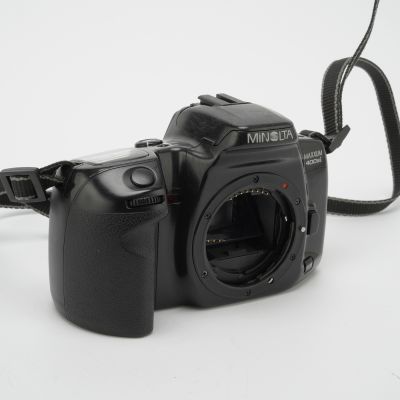 Minolta Maxxum 400si 35mm SLR Film Camera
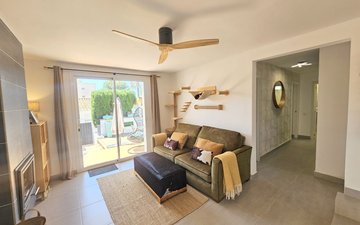 Property slide 10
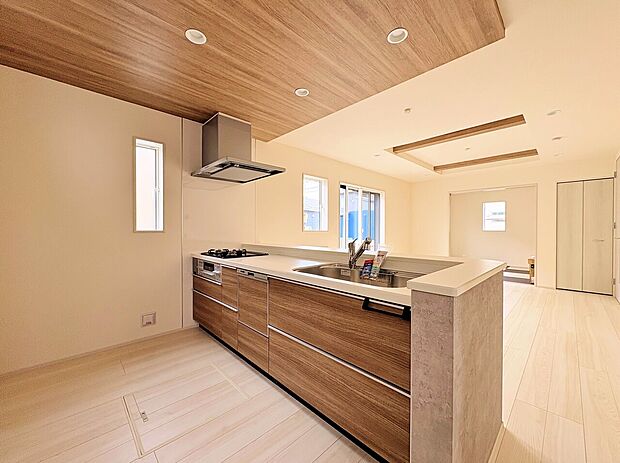 ダイニングとつながるキッチンからは部屋中が見渡せます。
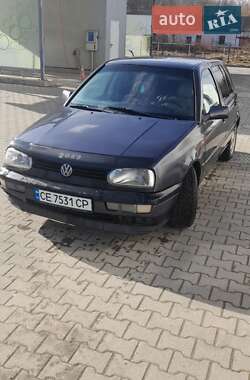 Хэтчбек Volkswagen Golf 1996 в Сторожинце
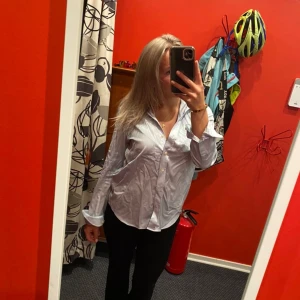 Blus - En fin dam skjorta i ljusblå, från gant, går in i höfterna! (Ej struken)💙inga defekter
::::
▶ How to complete this task
Except for the pictures, write the data out exactly.

▶ Output below
 Minolta Maxxum 400si 35mm SLR Film Camera
 Property slide 10
 ダイニングとつながるキッチンからは部屋中が見渡せます。
 Хэтчбек Volkswagen Golf 1996 в Сторожинце
 Blus - En fin dam skjorta i ljusblå, från gant, går in i höfterna! (Ej struken)💙inga defekter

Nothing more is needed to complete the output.